(Beginning of Information supplied)
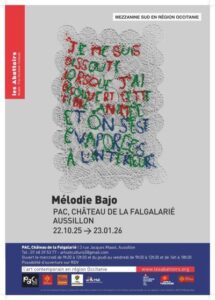 Exposition : « Je me suis dissoute lorsque j’ai découvert cette fibre animée et on s’est évaporé·e·s à l’intérieure » de Mélodie Bajo.
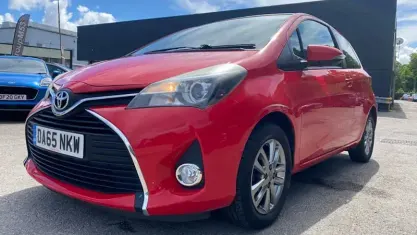 Usado Toyota Yaris 69 HP (50 kW) 2015 Vermelho Citadino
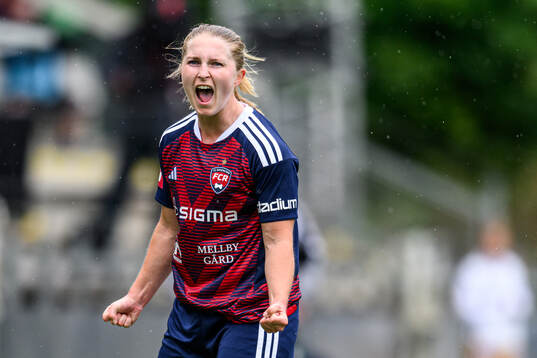 Rosengårds Hanna Andersson jublar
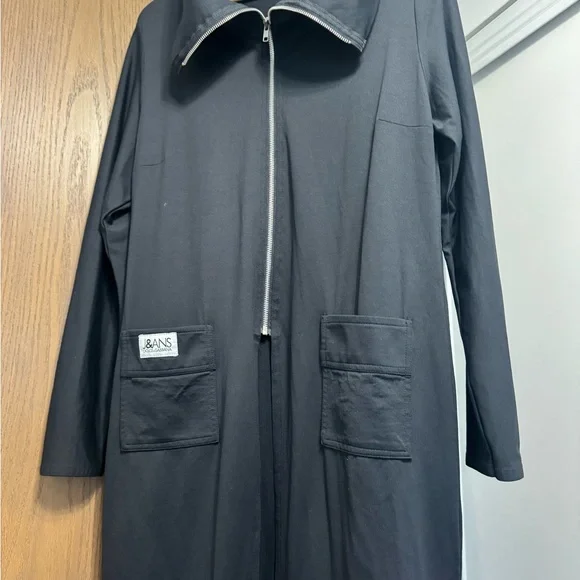 Size 14 or 16 women’s black extra long sleeve sweater Black  zipup collar jacket - Picture 2 of 10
(End of Information supplied)
Your assignment> Please write out all the data word for word, but keep every picture out.

Solution for this exercise>
 Exposition : « Je me suis dissoute lorsque j’ai découvert cette fibre animée et on s’est évaporé·e·s à l’intérieure » de Mélodie Bajo.
 Usado Toyota Yaris 69 HP (50 kW) 2015 Vermelho Citadino
 Rosengårds Hanna Andersson jublar
 Size 14 or 16 women’s black extra long sleeve sweater Black  zipup collar jacket - Picture 2 of 10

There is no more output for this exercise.